“I believe in everything until it’s disproved. So I believe in fairies, the myths, dragons. It all exists, even if it’s in your mind. Who’s to say that dreams and nightmares aren’t as real as the here and now?” asked John Lennon and out of his fantasies came a big yellow submarine and a magical mystery tour. Fantasy is used in every culture to teach life lessons.
“Slow down, you move too fast
You got to make the morning last
Just kicking down the cobble stones
Looking for fun and feelin’ groovy”
H.R. Pufnstuf can’t do a little because you can’t do enough”by Leslie Szarvas & Paul Simon (Simon’s name was added because the court-decided there was a remarkable similarity of the theme song to the 59th St. Bridge Song (Feelin’ Groovy))
H.R. Pufnstuf was The Mayor of Living Island, a place full of all kinds of magical things, like my head, where everything and I do mean everything was literally alive. His honor, Mr. Pufnstuf was a friendly dragon who made friends with Jimmy a young lad, like myself at the time with a mop head hairstyle, who had been lured to the island with his friend, a talking flute named Freddie (I had and still have my kazoo, Seymour) by a magic boat which promised adventures across the sea. The tricky vessel was actually owned and operated remotely by a wicked witch appropriately named Witchiepoo that reminded me of a teacher I had at the time.
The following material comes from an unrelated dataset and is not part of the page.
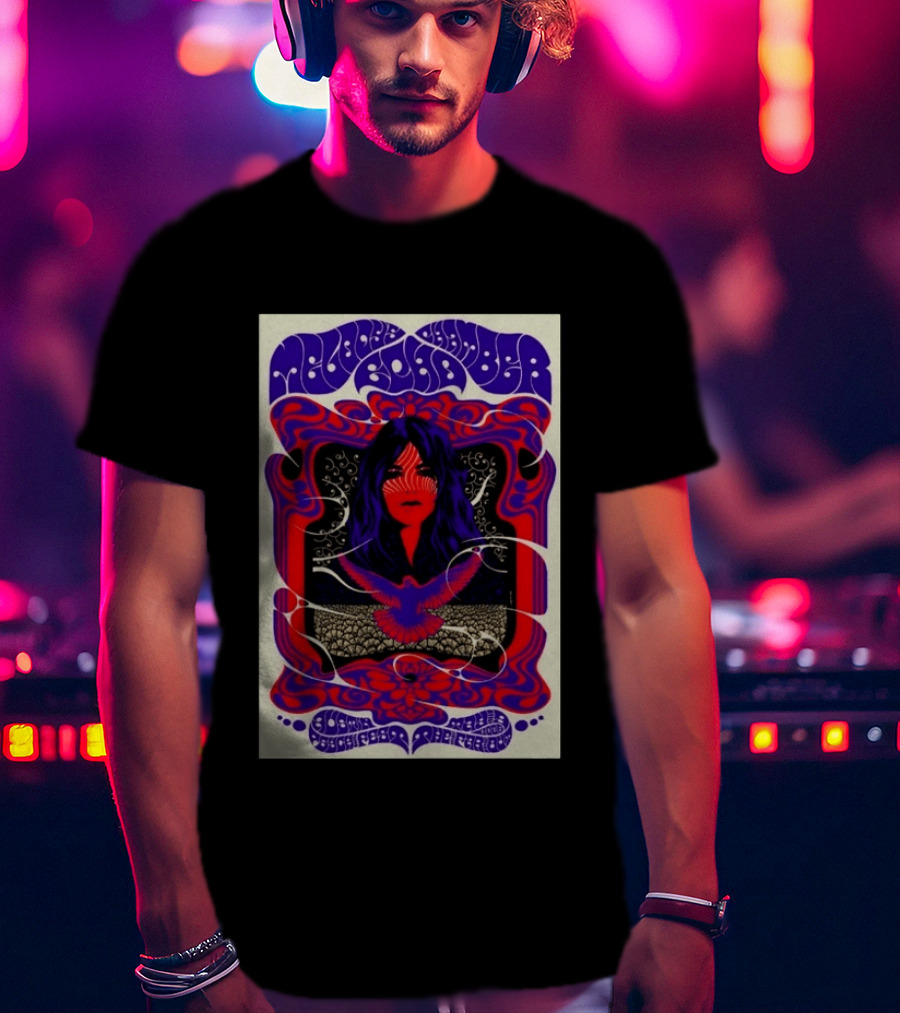 Melody's Echo Chamber Austin Psych Fest 2026 May 9 Austin TX Psychedelic Art Red Purple Woman Bird T-Shirt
The island and all of the inanimate objects of everyday life (clocks, furniture, etc.) actually became the characters on the show.
Granted 1969 was a very strange year and many thought the show had underlying drug themes (puffin’ stuff?), but it was simply a campy show that was fun to watch. I have made a vow that I am going to have fun and that will include watching cartoons, mixing candy with my popcorn, making sure I can still pull off an arm fart, and making the wearing of socks my own darn choice.
Ireally don’t like to wear socks unless we have a polar express roaring through Dodge. I often quote Einstein who said, “I have reached an age when if someone tells me to wear socks, I don’t have to.”
I am approaching a phase in my life when I may be heard saying with greater frequency, “I just don’t have to” about lots of things.